Before the festival arrived at Pittsburgh this year, the entries were screened in front of a committee of 22 academics and media professionals 一 including archaeologists, historians and filmmakers 一 who decided on the official selection. This selection then screened at the University of South Carolina in early October, where a jury of five anthropologists and filmmakers awarded prizes to the best films, such as “Eating Up Easter” directed by Sergio Mata’u Rapu, which won the festival’s grand prize.
The selections screened this past weekend contained many winners of the South Carolina festival with a few notable exceptions. The South Carolina festival showed several films related to underwater archaeology, as the University of South Carolina specializes in maritime archaeology. In addition, each festival showed films related to state history. Films pertinent to South Carolina’s cultural heritage were not screened in Pennsylvania and vice versa.
The Pittsburgh festival opened with the winner of the award for best archaeology film — “Neanderthal, the Mystery of the Bruniquel Cave,” which was directed by journalist and filmmaker Luc-Henri Fage and originally produced in French.

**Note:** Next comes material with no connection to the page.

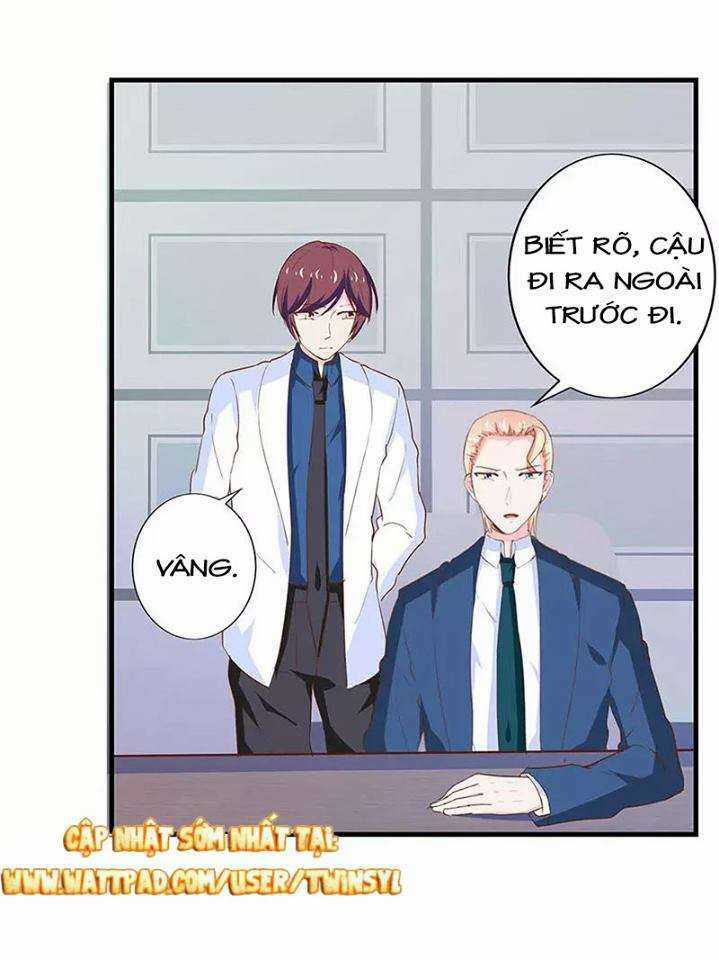 Không Gả Cho Tổng Tài, Gả Cho Người Hầu Chapter 182 trang 23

The film follows a team of researchers as they explore a cave in southwestern France containing man-made stalagmite structures. The team is shocked to discover that they are approximately 176,000 years old — making them the oldest man-made structures ever discovered underground.
The film premiered earlier in 2019 on Arte — a European TV channel offering cultural programming — where it amassed more than a million views. Fage wrote the English subtitles himself in order to meet the deadline to enter the film in the Arkhaios festival.
According to the film, this discovery has major implications for anthropologists’ understanding of neanderthals. It indicates that these early hominids, who lived alongside modern man, likely had the capacity to think symbolically and organize themselves in a way once thought exclusive to Homo sapiens.
Karl Thomas and Jean-Dominique Le Garrec, Pittsburgh residents and friends of Guilleux, attended the festival and said they found the new evidence supporting the advanced development of neanderthals particularly moving. Le Garrec, a resident of Squirrel Hill, said he thought films like Fage’s appeal to our desire to understand human history.
“It’s the story of humanity,” he said. “We are all interested in knowing our environment.”
Thomas, 49, of East Liberty, said he was reminded of a film he saw a few years before on prehistoric cave paintings in the south of France. He said both films fascinated him because they showed that most people’s views of cavemen as primitive and undeveloped are highly mistaken 一 even the great artists of our own age look to our prehistoric ancestors for inspiration.
“The best artists in the world studied [these cave paintings],” he said. “[People] thought that we had bettered ourselves, that we had advanced … but these artists thought that 20 million years ago, men were just as good as artists as they are in this era.”
Other films at the festival explored issues of the preservation of traditional cultures in a rapidly modernizing world. Native Rapa Nui director Rapu investigates the effects of tourism on his home of Easter Island in the film “Eating Up Easter.” He follows the stories of several Rapa Nui individuals as they combat increasing pollution, the loss of Native art forms and the commodification of their culture by white tourists.
Also featured at the festival were two films about Pennsylvania’s history. “Digging Deep: Buried Landscapes of Pennsylvania” was produced and directed by Angela Jaillet-Wentling, a historic preservation specialist for the Pennsylvania Department of Transportation.
Jaillet-Wentling explores the legacy of the 1966 National Historic Preservation Act, which has led to the discovery of several historically and culturally significant archaeological sites across Pennsylvania. Meanwhile, “Hot Rock Boiling,” directed by Brian Fritz, follows the efforts of an IUP graduate student to recreate the Native American cooking traditions of Western Pennsylvania.
The films at Arkhaios covered a wide range of material, a fact in which Guilleux takes deep pride. He said he enjoys being able to present a wealth of subject matter in a short time frame.
“[The films] are from all around the world,” he said. “It goes from a cave in France, to Pachacamac in Peru, to Versailles, to Canada, to Easter Island.”